* **Problem to work on**: None of the images should appear in your copy. Transcribe the data in full.

* **Data shown**:
◆ ◆ ◆ ◆

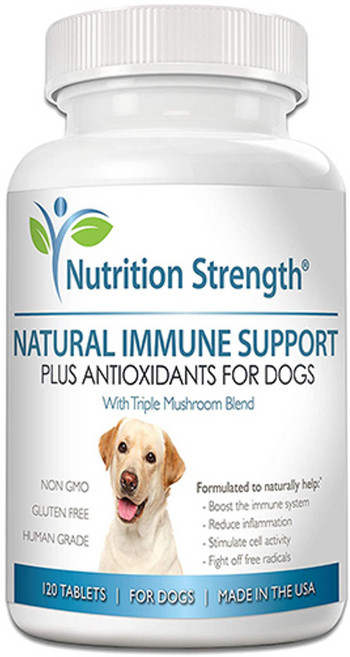 달려라펫 [미국 직배송] 노령견 전용 천연 케어 내츄럴 이뮨 서포트, 1개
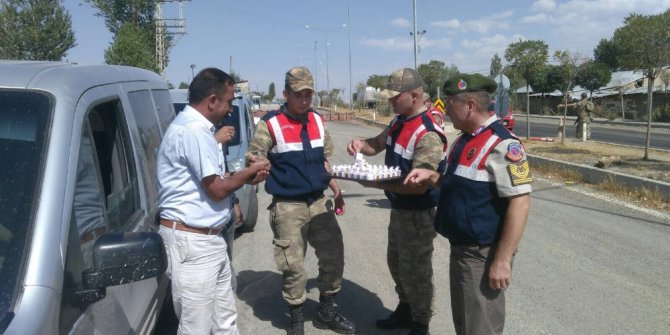 Jandarmanın denetimleri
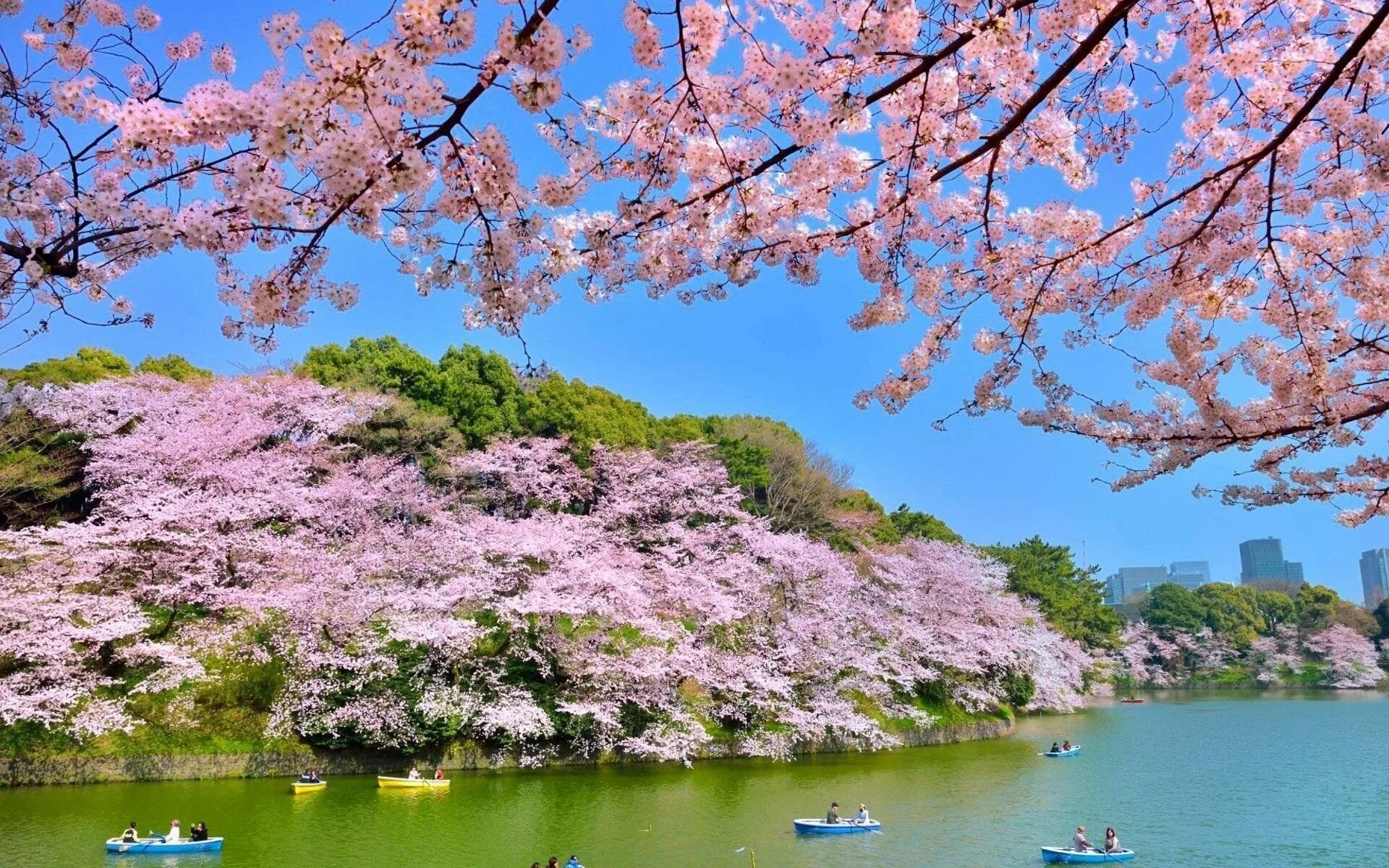 Cherry blossom отзывы. Черри блоссом. Сакура черри блоссом. Цветущая Сакура в Японии сад. Цветение Сакуры на Окинаве.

◆ ◆ ◆ ◆

* **Response**:
 달려라펫 [미국 직배송] 노령견 전용 천연 케어 내츄럴 이뮨 서포트, 1개
 Jandarmanın denetimleri
 Cherry blossom отзывы. Черри блоссом. Сакура черри блоссом. Цветущая Сакура в Японии сад. Цветение Сакуры на Окинаве.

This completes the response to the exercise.